Thursday, June 7, 2012

What I'll Miss & Not Miss about 442 Jacobs Lane

So, as I continue to get this place ready to sell, a lot of thoughts go through my head about what I'll miss, and not miss about living here. I thought yeah, a good time to blog about these things. The more I think about it, a lot of these thoughts can fall into both columns, and it's interesting how that works.

What I'll Miss & Not Miss...

Peace & quiet: It's so nice & relaxing here, but in the same token I feel very isolated from everyone. It's too far away for people to want to drive out here & I have to drive 30-35 min to work (for the last 17 years), so the last thing I want to do on my days off is drive anywhere. This poses a bit of a lack of social life problem. Most of my friends live elsewhere now too & it's lonely. I miss hanging out with people outside of work. I'm not writing this to get any type of sympathy, but to just state the facts. It would be totally awesome to live close enough to eventually go & do things with people & not have to drive a long distance to do so. I would love being within biking distance of my job!

Giant Mortgage: I have lived well beyond my means here for far too long & now my means have been reduced by over half. In addition to having to kick out my roommate & boyfriend within the past number of months. Getting someone new for only a few months seemed ridiculous. Every single dime goes into this place & I've had to cut out pretty much anything extra to make my money stretch far enough to keep paying the mortgage. Eventually, I will run out of money to pay the mortgage, and I pray this place sells before I have to encounter that.

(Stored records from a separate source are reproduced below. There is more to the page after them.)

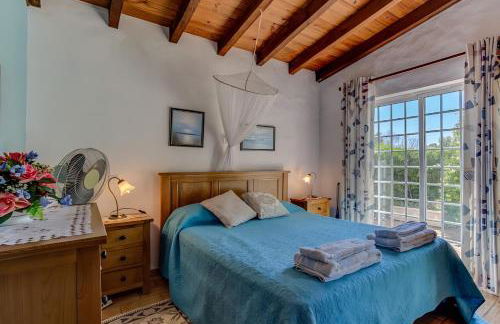 Quinta Velha by GT House - Foto 6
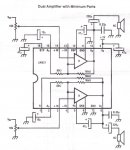 ampli de 3v-lm831.jpg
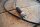 speedo cable 180/190/219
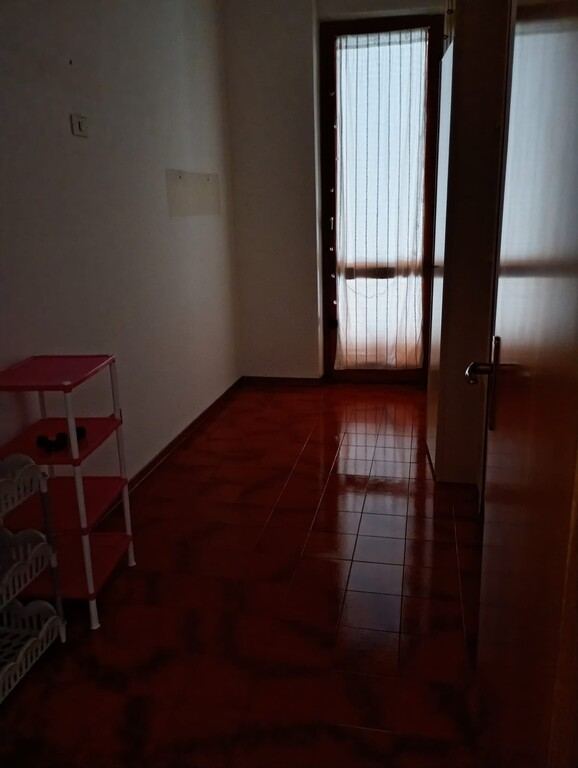  - foto 7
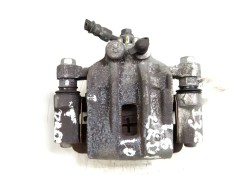 Recambio de pinza freno trasera derecha para hyundai i30 1.6 crdi cat referencia OEM IAM   
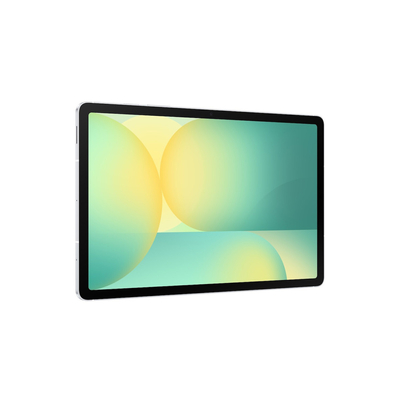 Samsung SM-X520 Galaxy Tab S10 FE 10.9" Wi-Fi 8GB/128GB IP68 Silver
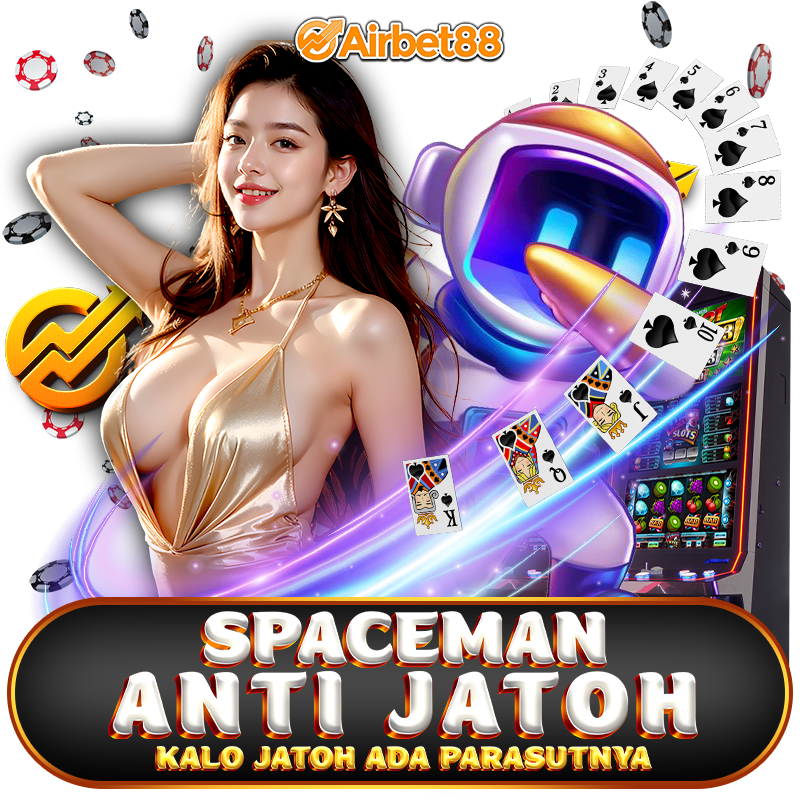 Bagaimana Airbet Menyederhanakan Akses Hiburan bagi Semua Kalangan?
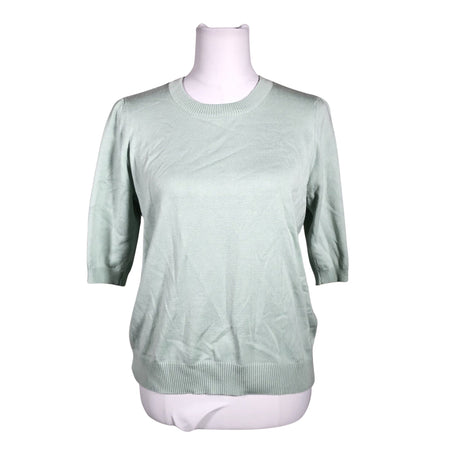 Unisex 2-Biz - Sweater, size 38 - Green ()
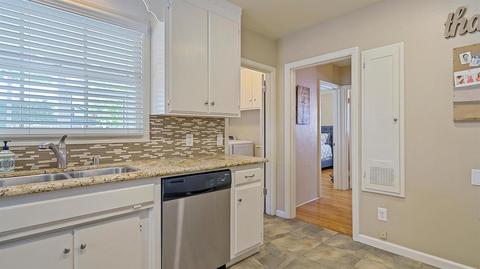 429 Olive Ave, Modesto, CA 95350 photo 19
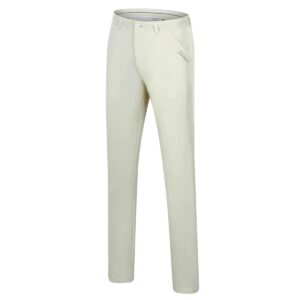 Quần golf nam Titlest mới nhất 6 121558957 179435447056196 6405931558223704845 o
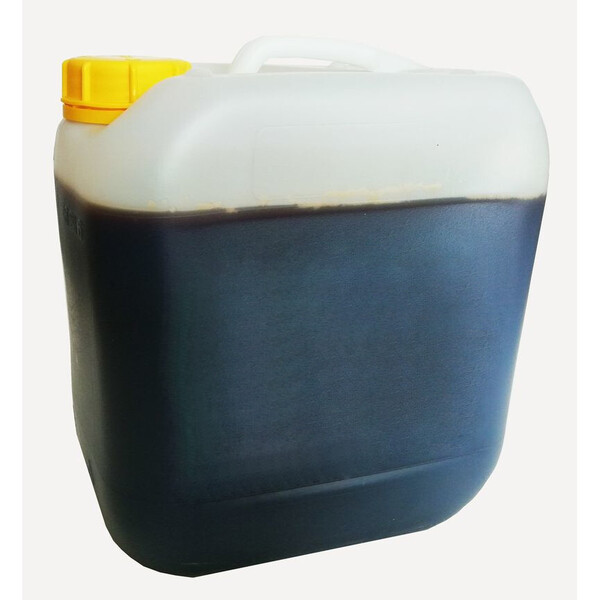 barley malt extract organic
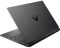 Новый Ноутбук HP Victus 15 fb3022no 15.6" FHD IPS 144 Гц Ryzen AI 7 350 RTX 5060 8GB 16GB DDR5 + 512GB SSD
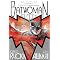 Some Great Graphic Novels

Large Yard: I love the land here & all the trees planted by my Dad & family. Endless gardening would be awesome, if I wanted it, but it's WAY too much work for me. I can't keep up with it all, and I really am not a fan of mowing. If I had money to pay someone to take care of the grounds it would be totally different. I end up feeling exhausted even thinking about how much needs to be done out there. I'm so THANKFUL to my brother Bill & nephew Brannan for helping me out with it so I can get the place ready to show. I don't think I'd be able to do this without all of their help!

Crazy Crowing Rooster: So for the most part, I will not miss this, but the rooster did come in handy one morning when my alarm did not go off. However, this was back in the days of the "plug in" alarm, and I don't use one anymore. ;)

Mighty Rosedale: I've really built quite the kinship & friendship with the folks at my current job. It will be bizarre to eventually transfer to another store. I can only hope the people there are as amazing as the folks here.

Memories: There are so many in this house. When talking to a realtor recently, I told him I had never moved, and he was like, "but for college you did right". Nope, my Dad was awesome, and let me stay here while I went to college. Granted it was only a year school, in and out, but yeah I've slept in probably every bedroom in this house at some point. So it's a mixture of memories, and it will be strange to live somewhere else, but in the same token I will feel so FREE. It will also be nice to only move the things that I REALLY want vs. having a whole entire house full of stuff to deal with that is essentially someone else's. A lot of memories come up "mental stuff" when you are going through a lot of "physical stuff".

Neighbors at a distance: So I don't even really know any of my neighbors right now because they are so far away. For privacy, it's really nice, but for a social aspect it's kind of sad. The neighbors I do know have lived here for years, and I've talked to them more recently than I ever have. Sure, now I'm getting to know them more right before I leave. Murphy's law? Something else I'll now miss. You know who you are.

Preparing for the listing: Ok, it feels good to see some of these changes finally being made here that really should have been done years ago. The flow through the house feels better & it's not all clogged up with even more stuff. It feels kind of lame I'll only be here a few more months to enjoy it, but I'm glad that all this work will hopefully be appreciated by the new owners. If it ends up getting bull-dozed, well, I know I leave here doing the best that I could, and making it look the best ever. I think I've painted every room in the house, and some more than once! I will not miss the extensive work it takes to keep this place going & that includes going up and down the 2 flights of stairs thousands of times! It will also be great to bring yoga back into my life. I've had to give it up for a while in order to keep pushing forward on all the things that need to be done here. Thanks to anyone who has landed a hand!!

Fall Leaves & Winter: I hear from my Californian friends that the changing of the leaves (as shown in my photo) are something else that I'll miss. However, I will not miss what that leads into, WINTER. I won't miss scraping ice, driving on scary roads & all of these in order to commute the long distance to work. I won't miss trying to snow blow the driveway, and shovel the porch. Scraping off my car in order to get home & the hour or more it would take to drive there. The bitter cold and my nose hairs freezing. Not being able to walk dogs because it's too wet or cold.

The feeling of "home": So I wonder if after I leave, will anywhere else truly feel like it's home? Knowing this is the only home I've ever had, will somewhere actually feel like home again? I guess I will find that out and it's exciting and terrifying all at the same time!

Thanks for taking the time to read my thoughts. I appreciate the part that you play in my life no matter where that is. I pray that I will be able to get back on track in a new place, and I'm excited for the chance to find where my new "home" is.